Monday, October 9, 2017

The Number One Hurricane Survival Item

Well, Florida threw us another curve ball in the form of Hurricane Nate this past weekend. I've been slowly amassing my hurricane preparedness kit since Irma couldn't make up her mind last month. Battery-powered lanterns? Check. Tons of flashlights? Check. Enough bottled water to bench press my weight in? Check. So much ramen in my pantry it looks like six college students live here? Check. I had literally everything I thought I needed, down to extra dog food (...for the dogs, not me). I had a lingering feeling I was forgetting something, so I hearkened back to the last several insane winter storms that trapped us in our house for a few days (Clovis was a magical mix of Narnia meets Antarctica during winter). It was then that I remembered the number one item I need in my survival kit: cake. I was still pretty miffed that after spending several hours putting up my Halloween decorations on Monday (and getting sunburned because Florida is just that out of line) that I had to take them all down for this stupid hurricane. This was my first official foray into "spite baking," so naturally my cake needed to be extremely Halloweeny to compensate for my favorite month of the year failing to live up to my expectations down here. And so, out of repugnance and macabre, this ghastly slime cake was brought to life. Or death, really, since it's a ghost cake.
The horror...my poor ghost has a broken arm.
Remember the last time I made a surprise inside cake? When it almost failed terribly and I then decided that making these types of cakes are way too stress-inducing and absolutely ridiculous? Yeah, well, apparently I didn't. I'm told time heals all wounds, and I suppose this applies to cakes that make you want to cry while baking them. I did quickly remember my shortcomings last time and tried my best to overcome them only to be met by different obstacles with this cake. I mean, clearly we can all see it turned out okayish, but it was touch and go there for awhile. I was really glad that baking a cake within a cake at least yields a ton of cake scraps for me to eat my feelings aplenty during baking. But in the end, this creepy, wonderfully Halloweeny cake is a yummy mix of chocolate and white cake with a vanilla pudding topping. And since I went the low-cal route, each slice is only 209 calories for a total of 12 slices. It's nice when the shock and horror is related to the spooktacular decoration and not the calorie count.

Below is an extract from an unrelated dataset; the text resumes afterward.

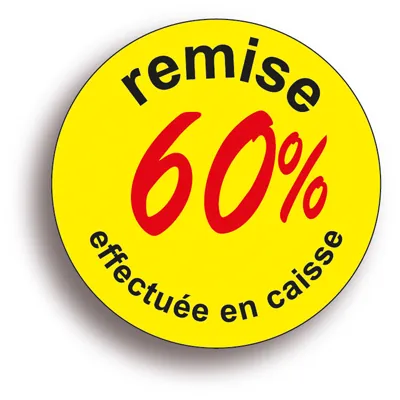 Pastille adhésive 'remise -50%' rond ø 50 mm, Jaune fluo - Sticker promo - Lot de 500 - Étiquettes adhésives Soldes, Étiquettes promotionnelles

I buy my black gel dye in bulk during this time of the year.
To make both cakes, you will need to scoop up the following:
  • 1 box of white cake mix
  • 10 ounces of diet creme soda
  • 2 egg whites
  • 1 box of chocolate cake mix
  • 10 ounces of diet root beer
  • 2 egg whites
  • Black gel dye
To make the slime topping you'll need:
  • 1 box of sugar free vanilla instant pudding
  • 2 cups cold skim milk
  • Lime green gel dye 
  • Optional: spooky sprinkles for topping
Now, this is a cake that comes together over the course of 24 hours because you'll need to do some freezing. Start by baking your white cake. Mix together the creme soda, two egg whites, and white cake mix for 2 minutes on medium-high in your stand mixer. Grease a 9x13 pan very, very well (especially if your humidity is a balmy "we're on the bad side of a hurricane" level). Pour into the pan and bake at 350 for 20-25 minutes. Cakes will always cook quicker when you use soda, so keep that in mind.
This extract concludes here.